Encontré en otro de los presentes, el autor de cómics Cels Piñol, el creador de Fanhunter, un alma gemela. “Cuando venía a comprar libros, Alejo siempre me hacía comprar otros”, evocó con el mismo síndrome desconcertado del anuncio de Skoda. “Él venía a por timunmasadas”, apuntó Cuervo, “su conversión de lector fue extraordinaria, le educamos a conciencia, colocándole Philip K. Dick ha muerto, de Bishop, y La sombra de Hawksmoor, de Ackroyd” (esta me la enchufó a mí Lluís Salvador cuando él trabajaba en la Look de Balmes, ¡gracias Lluís!). Cels, presentado por Cristina como “un yogurín” pese a sus 55 años, continuó recordando cómo intentaba comprar los libros que le atraían, “pero Alejo me insistía en su selección —,’¿a ver?, ¡esto te llevas!, ¡pero qué haces!, mucho mejor esto, toma’—, y yo como no tenía bastante dinero me acababa llevando solo los que me recomendaba. Al final entraba en la librería cuando él estaba colocando el escaparate o ponía los precios a los libros, pero no había manera de escapar”.

Antonio Torrubia, librero de la libreria Gigamesh de Barcelona.

No obstante incluso al sufrido padawan Cels le pudo el peso de la nostalgia: “Gigamesh ha sido nuestra escuela, y nuestra casa, y Alejo nuestro segundo padre”, dijo, y todos contuvimos una lágrima como si estuviéramos en Arrakis. Otros recuerdos bonitos evocados fueron cuando se dejó de fumar dentro de la librería, gracias a la histórica visita de 1989 de Michael Moorcock, fan de las espadas pero alérgico al humo; la venida de otros grandes como Robert Silveberg, a la primera Gigamesh, la iniciática tienda que Alejo compartía con la venta de cerámica de su madre (lo que explica que Watson tenga una pieza de Manises). O cuando en la Hispacon de 2002, Alejo le enchufó a Susana al autor Andrzej Sapkowski, “al que solo entretenías con la palabra culo”. Hubo un momento también para acordarnos de la fiebre de las cartas Magic, o de la política de tolerancia cero con los bolsos en la primera Gigamesh (una vez hasta me impidieron entrar con la mochila para entrevistar a Alejo). El acto sirvió para que Alejo Cuervo, que se jubila a sus 65 años, escenificara su traspaso de poderes a su hijo Iñigo, una sucesión digna de los Atreides. El joven aseguró que no va a haber grandes cambios, o sea que a seguir saliendo cargados de libros. Cristina evocó una imagen del nuevo jefe de niño persiguiendo a un gato despavorido armado de una metralleta (“de juguete”, precisó Alejo), que dio que pensar si estamos realmente en buenas manos. Confiemos que sí. En todo caso, como recalcó la misma Cristina poniéndose seria, “en estos tiempos de reacción, como no reivindiquemos el terreno del vicio y la subcultura, nos van a arrollar”. Al final, hubo pastel y un brindis con cava, que se acabó rápidamente, así que Alejo y yo lo hicimos él con leche y yo con Fanta, y que viva el frikismo en la galaxia, en la mansión Marsten y en el bosque Mitago.
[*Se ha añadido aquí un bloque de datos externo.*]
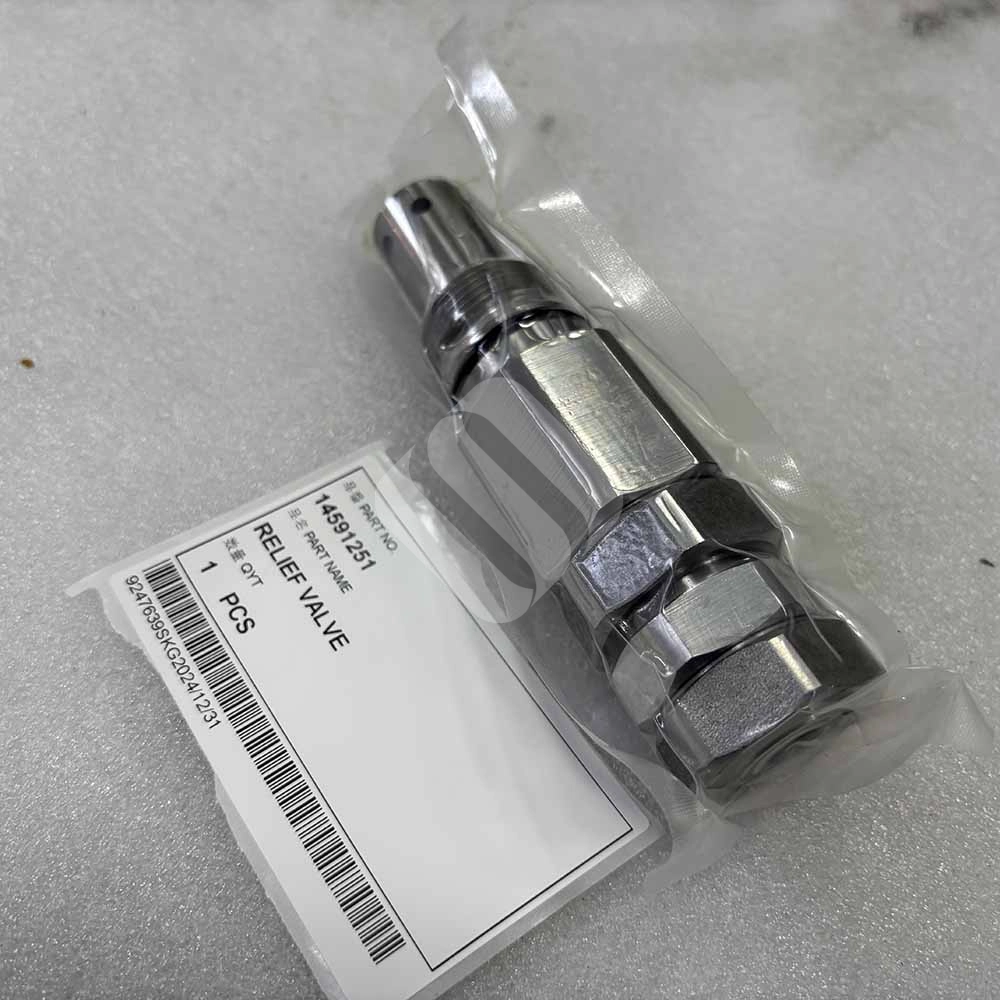 VOLVO EXCAVATOR PARTS MADE IN CHINA NEW EC250D EC250E EC300D EC300E PL3005D 14591251 RELIEF VALVE SPARKLING MACHINERY VOLVO EXCAVATOR PARTS MADE IN CHINA NEW EC250D EC250E EC300D EC300E PL3005D 14591251 RELIEF VALVE SPARKLING MACHINERY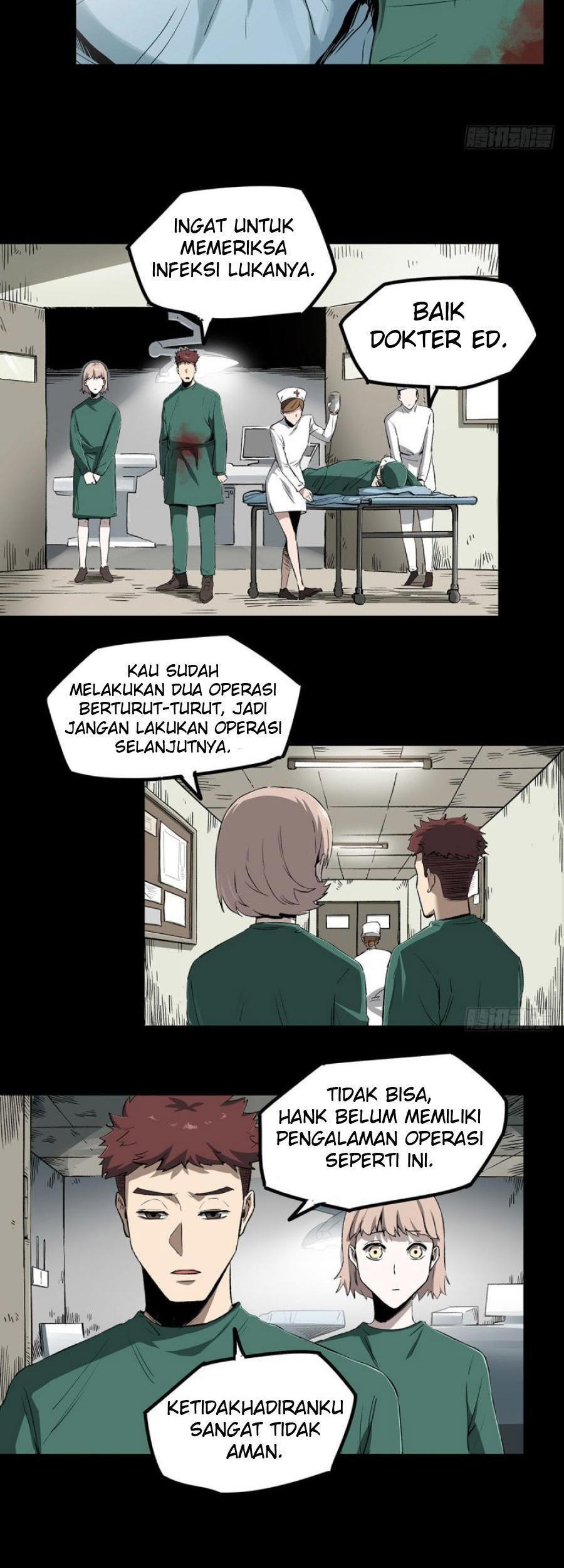 The Terminal Illness chapter 45 halaman 20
Llegado a casa de noche y asaltado por una oleada de nostalgia, me puse a escarbar en la sección de fantástico de mi biblioteca y empezaron a aparecer muchas cosas que salieron un día de Gigamesh. Libros (muchísimos), juegos, viejos ejemplares de la revista, incluido el número 1, de septiembre/ octubre de 1985, dedicado la memoria de Calvino y que daba noticia de la muerte de Sturgeon; otros de Minotauro, Locus e Interzone, una extensión de Joc/ Chaosium para La llamada de Cthulhu, un número del tiraje limitado de Troll sobre juegos de rol (1987)… Como los personajes de Lovecraft que descubrían un día acerbo su propia endemoniada locura, yo me creía un simple observador de Gigamesh, su historia, su mundo y su gente; pero soy, irremediablemente, uno de ellos.